Eingeteilt ist das Ganze in drei große Kapitel: Kirchen entdecken, Architektur erleben, unterwegs ankommen. Da der Tourismus die Triebfeder des Projekts ist, hat man die regional aufgeteilten Objekte mit google-maps verlinkt, so dass man schnell unterwegs nach möglichen Zielen Ausschau halten kann. Auf diese Weise kann man, auch wenn man nicht speziell am modernen Kirchenbau interessiert ist und sich z.B. auf einer Städtereise mit vornehmlich historischen Kirchen befindet, manche Entdeckung in der Moderne machen. Wichtig sind zudem praktische Angaben wie Anschrift, Kontakte, Öffnungs- und Gottesdienstzeiten sowie Literaturhinweise für die vertiefte Befassung.

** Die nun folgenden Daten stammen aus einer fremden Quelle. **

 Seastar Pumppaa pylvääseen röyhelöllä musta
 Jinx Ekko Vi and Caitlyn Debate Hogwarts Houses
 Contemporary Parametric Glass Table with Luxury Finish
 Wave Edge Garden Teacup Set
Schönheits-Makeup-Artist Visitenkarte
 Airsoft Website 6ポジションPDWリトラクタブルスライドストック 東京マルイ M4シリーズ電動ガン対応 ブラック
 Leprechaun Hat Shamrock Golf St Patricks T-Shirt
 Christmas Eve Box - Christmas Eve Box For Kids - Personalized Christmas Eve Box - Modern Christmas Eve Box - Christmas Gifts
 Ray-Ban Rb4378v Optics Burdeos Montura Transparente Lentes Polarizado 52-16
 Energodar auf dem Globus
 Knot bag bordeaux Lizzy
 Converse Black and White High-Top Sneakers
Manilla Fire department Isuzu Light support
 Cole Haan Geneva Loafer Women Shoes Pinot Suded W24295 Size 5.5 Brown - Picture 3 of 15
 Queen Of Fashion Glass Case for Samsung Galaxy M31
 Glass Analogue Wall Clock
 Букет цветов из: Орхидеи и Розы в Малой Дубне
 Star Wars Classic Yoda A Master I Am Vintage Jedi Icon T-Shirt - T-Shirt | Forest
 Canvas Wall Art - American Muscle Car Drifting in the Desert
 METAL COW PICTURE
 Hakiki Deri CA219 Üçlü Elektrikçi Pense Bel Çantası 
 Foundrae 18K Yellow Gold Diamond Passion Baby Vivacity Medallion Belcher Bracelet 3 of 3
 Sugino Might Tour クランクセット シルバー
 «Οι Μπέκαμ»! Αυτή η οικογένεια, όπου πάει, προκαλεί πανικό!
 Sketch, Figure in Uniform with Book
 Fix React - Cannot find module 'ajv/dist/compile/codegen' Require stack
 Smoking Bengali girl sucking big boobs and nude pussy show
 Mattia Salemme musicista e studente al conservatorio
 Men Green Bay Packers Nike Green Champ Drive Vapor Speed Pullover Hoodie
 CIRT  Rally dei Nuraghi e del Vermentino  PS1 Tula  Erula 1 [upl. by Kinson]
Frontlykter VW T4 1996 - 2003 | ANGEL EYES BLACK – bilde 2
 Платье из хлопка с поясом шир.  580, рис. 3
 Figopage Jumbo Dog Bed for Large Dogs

Keine bloßen Monumente, offen für Prozesse
Die Auswahl der Kirchengebäude wurde und wird durch ein interdisziplinär besetztes Kuratorium getroffen, zusätzlich werden Beraterinnen und Berater hinzugezogen. Neben den ausführlich vorgestellten Kirchen (Kategorie A) sollen auch Hinweise auf weitere lohnende hinzukommen (Kategorie B). Zunehmend werden auch Verluste bzw. Umnutzungen zu verzeichnen sein, insgesamt handelt es sich also um ein work in progress.
Wünschenswert wäre z.B. neben der Vorstellung der Architekten auch die der beteiligten Künstlerinnen und Künstler sowie in Einzelfällen auch der Promotoren seitens der Kirchen, die nicht selten die Inspirationen für außergewöhnliche Raumlösungen gaben. Dann würde auch deutlicher, dass Kirchenbauten niemals bloße Monumente sind, sondern Ergebnisse von Prozessen, die mit der Einweihung nicht abgeschlossen sind, sondern fortdauern.
Schlummernde Potenziale entdecken
Damit ist die „Straße der Moderne“ auch eine Einladung an die Ortsansässigen, die schlummernden Potenziale der modernen Kirchenräume über ihre liturgischen Funktionen hinaus zu entdecken und im Sinne einer offenen Gastfreundschaft zu entwickeln – nicht zuletzt zum eigenen Vorteil.
Albert Gerhards ist emeritierter Professor für Liturgiewissenschaft an der Universität Bonn.